11. En se bornant à se rapporter à sa demande d’asile, M. D… n’apporte, pas plus que devant la Cour nationale du droit d’asile, qui a au demeurant relevé le caractère peu vraisemblable et imprécis de ses déclarations, d’éléments pertinents de nature à établir tant la réalité du conflit foncier l’ayant opposé au gouverneur de la ville de Conakry que celle de sa détention. Par suite, le moyen tiré de la méconnaissance des stipulations de l’article 3 de la convention européenne de sauvegarde des droits de l’homme et des libertés fondamentales et des dispositions de l’article L. 721-4 du code de l’entrée et du séjour des étrangers et du droit d’asile doit être écarté.
12. Il résulte de tout ce qui précède, et sans qu’il soit besoin de statuer sur les autres moyens de la requête, que M. D… est seulement fondé à demander l’annulation de la décision portant interdiction de retour sur le territoire français et que le surplus des conclusions de la requête doit être rejeté.
Sur les conclusions à fin d’injonction :
13. Le présent jugement qui annule seulement la décision portant interdiction de retour et rejette le surplus des conclusions à fin d’annulation de la requête n’implique aucune mesure d’exécution. Il y a lieu, par suite, de rejeter les conclusions de M. D… à fin d’injonction.

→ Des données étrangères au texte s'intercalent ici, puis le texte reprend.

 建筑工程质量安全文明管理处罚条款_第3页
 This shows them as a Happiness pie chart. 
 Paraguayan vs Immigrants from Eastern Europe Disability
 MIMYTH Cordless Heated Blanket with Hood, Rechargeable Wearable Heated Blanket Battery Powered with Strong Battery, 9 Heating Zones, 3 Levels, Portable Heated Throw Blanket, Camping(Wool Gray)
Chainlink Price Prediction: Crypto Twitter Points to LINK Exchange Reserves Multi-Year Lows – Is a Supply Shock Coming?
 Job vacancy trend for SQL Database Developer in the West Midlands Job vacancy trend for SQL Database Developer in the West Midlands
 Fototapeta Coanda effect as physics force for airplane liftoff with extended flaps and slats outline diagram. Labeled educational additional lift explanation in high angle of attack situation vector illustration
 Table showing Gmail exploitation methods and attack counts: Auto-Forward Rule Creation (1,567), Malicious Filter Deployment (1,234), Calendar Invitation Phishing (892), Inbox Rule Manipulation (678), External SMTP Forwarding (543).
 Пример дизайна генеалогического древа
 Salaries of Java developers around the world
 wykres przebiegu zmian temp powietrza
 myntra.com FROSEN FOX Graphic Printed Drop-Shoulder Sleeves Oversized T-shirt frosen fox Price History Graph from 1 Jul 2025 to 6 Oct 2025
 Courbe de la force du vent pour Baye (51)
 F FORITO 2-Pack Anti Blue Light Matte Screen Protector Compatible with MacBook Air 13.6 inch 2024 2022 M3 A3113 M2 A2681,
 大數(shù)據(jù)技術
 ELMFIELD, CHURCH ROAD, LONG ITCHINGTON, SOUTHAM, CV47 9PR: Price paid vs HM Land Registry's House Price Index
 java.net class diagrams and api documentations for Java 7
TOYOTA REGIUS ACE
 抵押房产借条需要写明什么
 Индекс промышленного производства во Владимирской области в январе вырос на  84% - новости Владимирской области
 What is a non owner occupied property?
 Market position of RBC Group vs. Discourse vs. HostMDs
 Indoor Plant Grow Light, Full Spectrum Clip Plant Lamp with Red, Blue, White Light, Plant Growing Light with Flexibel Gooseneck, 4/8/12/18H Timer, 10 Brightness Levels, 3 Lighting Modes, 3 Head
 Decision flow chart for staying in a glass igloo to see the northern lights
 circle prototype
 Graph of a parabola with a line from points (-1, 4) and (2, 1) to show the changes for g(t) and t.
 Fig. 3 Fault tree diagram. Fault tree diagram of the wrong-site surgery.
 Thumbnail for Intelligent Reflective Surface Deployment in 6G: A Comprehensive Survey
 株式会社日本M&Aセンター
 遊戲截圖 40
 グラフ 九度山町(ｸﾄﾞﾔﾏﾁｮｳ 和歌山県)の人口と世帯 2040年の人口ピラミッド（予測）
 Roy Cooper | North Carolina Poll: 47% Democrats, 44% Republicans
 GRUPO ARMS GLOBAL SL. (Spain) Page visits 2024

Sur les frais liés au litige :
14. M. D… a été admis de façon provisoire au bénéfice de l’aide juridictionnelle. Par suite, son avocat peut se prévaloir des dispositions des articles L. 761-1 du code de justice administrative et 37 de la loi du 10 juillet 1991. Il y a lieu, dans les circonstances de l’espèce, et sous réserve que Me Salin, avocat du requérant, renonce à percevoir la somme correspondant à la part contributive de l’État, de mettre à la charge de l’État le versement à Me Salin de la somme de 1 000 euros.
D É C I D E :
Article 1er : M. D… est admis, à titre provisoire, au bénéfice de l’aide juridictionnelle.
Article 2 : La décision du 20 septembre 2025 portant interdiction de retour sur le territoire français est annulée.
Article 3 : Le surplus des conclusions de la requête de M. D… est rejeté.
Article 4 : L’État versera à Me Salin la somme de 1 000 euros au titre des articles L. 761-1 du code de justice administrative et 37 alinéa 2 de la loi du 10 juillet 1991, sous réserve de la renonciation de cet avocat à percevoir la somme correspondant à la part contributive de l’État au titre de l’aide juridictionnelle.
Article 5 : Le présent jugement sera notifié à M. E… D…, à Me Salin et au préfet d’Ille-et-Vilaine.
Rendu public par mise à disposition au greffe le 14 octobre 2025.
Le magistrat désigné,
signé
O. Gosselin
La greffière,
signé
E. Douillard
La République mande et ordonne au préfet d’Ille-et-Vilaine en ce qui le concerne ou à tous commissaires de justice à ce requis en ce qui concerne les voies de droit commun, contre les parties privées, de pourvoir à l’exécution de la présente décision.